Women in science: contrary to popular belief, some of us are actually alive!

This is a guest post by Lindsey Kuper. Lindsey Kuper does math and code and music and splatters it unceremoniously all over the Internet.

This post originally appeared at her blog and was linked from Restructure!’s comments.

I’m happy to see that the xkcd about “Zombie Marie Curie” has been making the rounds, because the “I make a sorry role model if girls just see me over and over as the one token lady scientist” bit gives voice to my long-held frustration about the predictable and repetitive trotting-out of the same handful of historical women as the go-to examples of women in science.
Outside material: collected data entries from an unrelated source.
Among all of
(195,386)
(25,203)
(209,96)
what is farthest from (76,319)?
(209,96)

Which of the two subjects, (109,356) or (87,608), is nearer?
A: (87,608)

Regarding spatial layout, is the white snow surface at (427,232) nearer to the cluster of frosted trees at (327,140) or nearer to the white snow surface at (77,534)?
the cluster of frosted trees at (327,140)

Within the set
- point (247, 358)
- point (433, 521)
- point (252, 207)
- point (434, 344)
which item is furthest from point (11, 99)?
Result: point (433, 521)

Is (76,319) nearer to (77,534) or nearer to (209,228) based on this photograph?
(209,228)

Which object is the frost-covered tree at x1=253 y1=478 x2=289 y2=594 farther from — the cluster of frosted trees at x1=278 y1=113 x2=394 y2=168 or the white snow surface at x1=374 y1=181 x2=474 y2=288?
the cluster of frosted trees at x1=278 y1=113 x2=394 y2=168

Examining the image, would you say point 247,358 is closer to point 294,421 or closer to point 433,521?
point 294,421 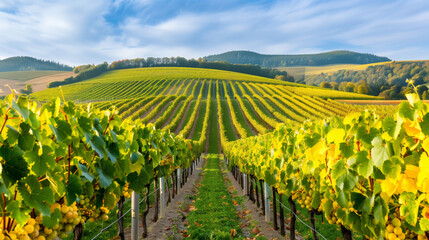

Those women were amazing and groundbreaking, but to always focus the discussion around them to the exclusion of actual, living, breathing female scientists is to make actual, living, breathing female scientists feel even more invisible than we already sometimes do.

Here’s an example of what I mean: the first page of Flickr search results for “women scientists” is top-heavy with results from the Smithsonian’s “Women in Science” photo set, which consists entirely of black-and-white photos of women, most of whom died in the middle of the twentieth century sometime. Why not call that photo set “Pioneering Women in Science” — or, uh, maybe just “Women Scientists from the Age of Black-and-White Film Photography”, since there were women in science before that, too? To not show any contemporary scientists under the heading “Women in Science” is to pathologize and exoticize the idea of simultaneously being a woman and being a scientist, and that’s about the last thing scientists need.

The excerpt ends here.